[Input material — start]

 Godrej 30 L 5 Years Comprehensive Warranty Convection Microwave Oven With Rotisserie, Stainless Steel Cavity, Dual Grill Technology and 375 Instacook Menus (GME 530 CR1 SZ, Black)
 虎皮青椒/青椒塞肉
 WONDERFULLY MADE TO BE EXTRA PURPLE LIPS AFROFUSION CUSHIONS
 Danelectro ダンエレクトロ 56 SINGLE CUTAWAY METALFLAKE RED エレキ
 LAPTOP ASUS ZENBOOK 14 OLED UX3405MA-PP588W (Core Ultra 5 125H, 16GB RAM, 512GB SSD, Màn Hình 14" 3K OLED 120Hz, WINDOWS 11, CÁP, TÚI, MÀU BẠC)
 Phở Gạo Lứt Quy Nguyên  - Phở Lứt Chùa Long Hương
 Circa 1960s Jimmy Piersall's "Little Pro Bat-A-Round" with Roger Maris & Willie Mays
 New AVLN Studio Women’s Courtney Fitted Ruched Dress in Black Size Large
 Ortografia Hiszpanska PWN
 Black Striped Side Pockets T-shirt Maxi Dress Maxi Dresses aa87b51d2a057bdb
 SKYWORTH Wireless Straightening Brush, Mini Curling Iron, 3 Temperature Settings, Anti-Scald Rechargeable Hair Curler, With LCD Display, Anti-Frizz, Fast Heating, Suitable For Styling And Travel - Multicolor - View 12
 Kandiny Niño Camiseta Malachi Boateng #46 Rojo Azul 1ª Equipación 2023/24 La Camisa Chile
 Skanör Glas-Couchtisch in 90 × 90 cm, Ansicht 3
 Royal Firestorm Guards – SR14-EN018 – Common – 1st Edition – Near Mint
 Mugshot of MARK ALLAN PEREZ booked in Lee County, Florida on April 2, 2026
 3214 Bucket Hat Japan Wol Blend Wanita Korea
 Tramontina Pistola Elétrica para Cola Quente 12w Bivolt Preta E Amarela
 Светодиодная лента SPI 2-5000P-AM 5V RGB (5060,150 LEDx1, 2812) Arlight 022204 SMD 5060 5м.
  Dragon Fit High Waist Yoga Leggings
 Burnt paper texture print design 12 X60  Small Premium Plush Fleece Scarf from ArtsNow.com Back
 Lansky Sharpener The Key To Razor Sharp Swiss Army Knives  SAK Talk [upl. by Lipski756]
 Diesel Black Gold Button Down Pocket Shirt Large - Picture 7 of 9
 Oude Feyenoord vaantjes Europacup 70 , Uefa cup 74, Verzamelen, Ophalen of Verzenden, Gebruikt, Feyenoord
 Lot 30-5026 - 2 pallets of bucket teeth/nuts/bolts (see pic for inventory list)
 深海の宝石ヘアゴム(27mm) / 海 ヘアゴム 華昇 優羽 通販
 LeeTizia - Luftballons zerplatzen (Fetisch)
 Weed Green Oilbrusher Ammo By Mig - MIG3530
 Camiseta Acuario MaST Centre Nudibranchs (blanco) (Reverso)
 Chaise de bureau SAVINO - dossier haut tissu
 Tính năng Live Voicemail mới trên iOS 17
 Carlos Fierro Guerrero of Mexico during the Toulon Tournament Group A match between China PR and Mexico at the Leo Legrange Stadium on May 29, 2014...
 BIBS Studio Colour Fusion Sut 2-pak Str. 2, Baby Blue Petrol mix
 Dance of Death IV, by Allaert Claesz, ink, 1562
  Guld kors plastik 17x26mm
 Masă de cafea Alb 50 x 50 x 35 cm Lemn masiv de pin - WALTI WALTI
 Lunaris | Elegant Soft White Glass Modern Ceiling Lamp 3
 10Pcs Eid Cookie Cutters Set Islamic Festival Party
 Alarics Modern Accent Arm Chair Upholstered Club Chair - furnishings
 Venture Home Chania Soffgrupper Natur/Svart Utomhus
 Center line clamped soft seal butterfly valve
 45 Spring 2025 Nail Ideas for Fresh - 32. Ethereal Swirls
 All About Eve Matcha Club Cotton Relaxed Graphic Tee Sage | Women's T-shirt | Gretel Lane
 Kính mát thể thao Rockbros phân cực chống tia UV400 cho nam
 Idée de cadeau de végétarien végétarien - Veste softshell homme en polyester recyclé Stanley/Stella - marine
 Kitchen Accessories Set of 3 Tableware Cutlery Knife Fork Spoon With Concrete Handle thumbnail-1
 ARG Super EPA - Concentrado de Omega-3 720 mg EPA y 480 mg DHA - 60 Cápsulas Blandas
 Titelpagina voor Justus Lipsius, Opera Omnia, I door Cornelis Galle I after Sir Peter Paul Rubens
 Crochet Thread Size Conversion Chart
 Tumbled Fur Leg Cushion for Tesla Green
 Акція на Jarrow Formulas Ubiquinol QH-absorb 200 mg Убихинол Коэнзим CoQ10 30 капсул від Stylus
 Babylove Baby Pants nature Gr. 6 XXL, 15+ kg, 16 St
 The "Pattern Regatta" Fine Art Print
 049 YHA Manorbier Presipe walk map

[Input material — finish]

Copy out the lines above with "Size" in them.

 New AVLN Studio Women’s Courtney Fitted Ruched Dress in Black Size Large
 Crochet Thread Size Conversion Chart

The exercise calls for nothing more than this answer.